Fast-forward to October, when the Cubs won the World Series and a gorgeous, vibrant city with a championship tradition, an adopted-son-turned-community-organizer-turned-president, the best stadium in baseball and the world's top selection of hot dogs finally snapped its one-year title drought and 11-year run of championship-less baseball. Sure, the Cubs themselves had that silly little 108-year run without a title, but was it really that bad? Fans always seemed to be just fine with it, filling a stadium for bad teams and enjoying a communal experience of being burnt out on Miller Lite and heat stroke.

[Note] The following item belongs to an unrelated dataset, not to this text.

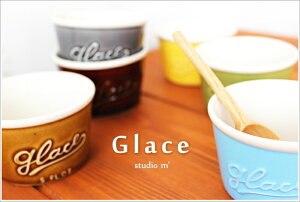 X^WIMf X^WIG O[X O[XJbv studiom' Jbv ACXJbv   IV JtF { H   RRbg  dqWΉ I[uΉ H@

Suffering? Chicago? Please. The White Sox, who were ignored out of existence for a month, had a 2005 title. The Bears are still living large off that 1985 team. The Blackhawks have three championships in the past seven years and, yes, it's hockey, but they're an original six team, so it actually matters a little.
And, oh yeah, one more thing: YOU GOT TO WATCH THE GREATEST ATHLETE ON THE PLANET FOR 15 SEASONS. Remember that bald guy on the Bulls, the one famous for shoes and weeping? Well MJ had it right: boo-freaking-hoo, Chicago. I'd say getting to watch Michael Jordan in his prime makes up for the fact that one of your two baseball teams didn't get to have a parade for a while. You don't get to complain about one bad apple when you've tasted from the Garden of Eden.
Congrats on the Series. It was a thrill to watch. But now you've lost your lovable loser schtick and are just ordinary baseball fans. Since the team is going to be good for a while and your perpetual New York inferiority complex means you won't be able to help but be a little obnoxious about it simply out of overcompensation, I'd say you're about to be the new Boston sports fan. Though, no, that's not entirely fair. Chicago fans didn't need Bill Parcells and Bill Belichick to care about the Bears.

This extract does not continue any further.